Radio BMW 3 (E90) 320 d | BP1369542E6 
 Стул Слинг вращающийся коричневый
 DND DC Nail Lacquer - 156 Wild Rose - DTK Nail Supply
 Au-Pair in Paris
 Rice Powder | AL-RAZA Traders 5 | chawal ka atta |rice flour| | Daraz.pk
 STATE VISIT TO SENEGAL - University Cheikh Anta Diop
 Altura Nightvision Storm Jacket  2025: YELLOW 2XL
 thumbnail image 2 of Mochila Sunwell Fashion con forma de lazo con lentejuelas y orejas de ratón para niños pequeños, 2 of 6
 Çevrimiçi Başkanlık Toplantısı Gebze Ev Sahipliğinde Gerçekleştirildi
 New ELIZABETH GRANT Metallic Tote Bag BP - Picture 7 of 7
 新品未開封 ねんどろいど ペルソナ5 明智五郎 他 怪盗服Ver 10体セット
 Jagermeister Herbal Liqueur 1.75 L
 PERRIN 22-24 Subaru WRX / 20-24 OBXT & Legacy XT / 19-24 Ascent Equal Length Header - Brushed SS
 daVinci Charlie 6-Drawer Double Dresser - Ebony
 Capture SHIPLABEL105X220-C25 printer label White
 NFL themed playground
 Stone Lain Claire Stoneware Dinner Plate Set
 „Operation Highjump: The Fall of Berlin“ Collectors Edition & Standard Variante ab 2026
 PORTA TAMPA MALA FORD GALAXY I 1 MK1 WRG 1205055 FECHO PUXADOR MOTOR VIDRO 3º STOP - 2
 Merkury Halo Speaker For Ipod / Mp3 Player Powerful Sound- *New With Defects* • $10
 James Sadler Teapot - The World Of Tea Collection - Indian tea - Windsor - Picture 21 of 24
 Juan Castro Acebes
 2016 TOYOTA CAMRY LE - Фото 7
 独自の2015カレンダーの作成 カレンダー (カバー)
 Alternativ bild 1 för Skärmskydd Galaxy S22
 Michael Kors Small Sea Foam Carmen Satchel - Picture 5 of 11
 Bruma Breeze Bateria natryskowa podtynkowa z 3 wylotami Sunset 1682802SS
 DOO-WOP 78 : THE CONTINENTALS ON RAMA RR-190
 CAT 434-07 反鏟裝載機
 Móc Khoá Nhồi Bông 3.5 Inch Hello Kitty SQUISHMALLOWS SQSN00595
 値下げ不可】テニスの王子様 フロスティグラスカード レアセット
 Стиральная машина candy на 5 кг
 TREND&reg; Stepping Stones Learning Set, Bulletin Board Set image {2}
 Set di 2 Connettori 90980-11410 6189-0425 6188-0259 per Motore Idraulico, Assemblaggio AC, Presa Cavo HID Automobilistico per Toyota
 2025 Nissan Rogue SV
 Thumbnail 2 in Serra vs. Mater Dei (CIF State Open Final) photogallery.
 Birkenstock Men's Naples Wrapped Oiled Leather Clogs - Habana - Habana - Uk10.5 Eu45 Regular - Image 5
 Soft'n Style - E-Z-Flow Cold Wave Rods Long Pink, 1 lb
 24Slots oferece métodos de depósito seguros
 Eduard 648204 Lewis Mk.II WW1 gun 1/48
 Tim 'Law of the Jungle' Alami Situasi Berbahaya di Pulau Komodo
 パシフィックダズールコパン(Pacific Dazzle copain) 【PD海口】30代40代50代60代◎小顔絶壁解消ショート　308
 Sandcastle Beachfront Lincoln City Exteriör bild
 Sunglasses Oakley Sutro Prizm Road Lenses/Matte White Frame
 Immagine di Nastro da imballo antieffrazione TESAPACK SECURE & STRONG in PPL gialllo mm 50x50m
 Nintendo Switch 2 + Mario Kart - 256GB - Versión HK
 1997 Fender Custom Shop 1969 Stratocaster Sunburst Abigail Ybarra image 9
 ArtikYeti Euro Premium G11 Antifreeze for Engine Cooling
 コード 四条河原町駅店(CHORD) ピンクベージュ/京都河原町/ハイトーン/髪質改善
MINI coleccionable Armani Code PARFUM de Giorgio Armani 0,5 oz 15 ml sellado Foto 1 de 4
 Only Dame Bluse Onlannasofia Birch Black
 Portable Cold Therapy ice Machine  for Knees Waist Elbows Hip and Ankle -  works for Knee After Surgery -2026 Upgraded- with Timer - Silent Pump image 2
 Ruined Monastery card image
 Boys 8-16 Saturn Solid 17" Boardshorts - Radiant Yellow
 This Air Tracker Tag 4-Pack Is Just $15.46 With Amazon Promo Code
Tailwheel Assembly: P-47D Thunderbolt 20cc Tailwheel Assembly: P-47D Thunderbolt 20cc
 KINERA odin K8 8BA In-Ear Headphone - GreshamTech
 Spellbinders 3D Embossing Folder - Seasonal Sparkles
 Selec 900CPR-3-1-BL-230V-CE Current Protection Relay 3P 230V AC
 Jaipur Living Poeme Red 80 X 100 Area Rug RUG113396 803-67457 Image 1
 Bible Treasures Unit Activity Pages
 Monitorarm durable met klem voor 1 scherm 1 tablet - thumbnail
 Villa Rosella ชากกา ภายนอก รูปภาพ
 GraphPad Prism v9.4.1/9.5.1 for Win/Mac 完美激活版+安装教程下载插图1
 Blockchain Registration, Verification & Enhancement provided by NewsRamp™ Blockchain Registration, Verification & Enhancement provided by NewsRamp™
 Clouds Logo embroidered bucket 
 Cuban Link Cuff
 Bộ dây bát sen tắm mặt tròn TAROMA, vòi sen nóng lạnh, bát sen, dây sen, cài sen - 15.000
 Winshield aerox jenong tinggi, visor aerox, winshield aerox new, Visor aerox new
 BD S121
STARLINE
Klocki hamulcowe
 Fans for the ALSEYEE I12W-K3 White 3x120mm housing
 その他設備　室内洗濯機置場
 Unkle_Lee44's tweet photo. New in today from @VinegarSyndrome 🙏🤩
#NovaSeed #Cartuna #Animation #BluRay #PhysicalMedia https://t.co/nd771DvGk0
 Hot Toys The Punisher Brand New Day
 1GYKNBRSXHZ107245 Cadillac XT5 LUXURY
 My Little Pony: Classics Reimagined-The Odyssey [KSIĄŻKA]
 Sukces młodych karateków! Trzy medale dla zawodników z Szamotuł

- _Work to be completed_
Wherever the word "Cold" appears in the listing, copy the line that holds it.

- _Answer to this problem_
 Soft'n Style - E-Z-Flow Cold Wave Rods Long Pink, 1 lb
 Portable Cold Therapy ice Machine  for Knees Waist Elbows Hip and Ankle -  works for Knee After Surgery -2026 Upgraded- with Timer - Silent Pump image 2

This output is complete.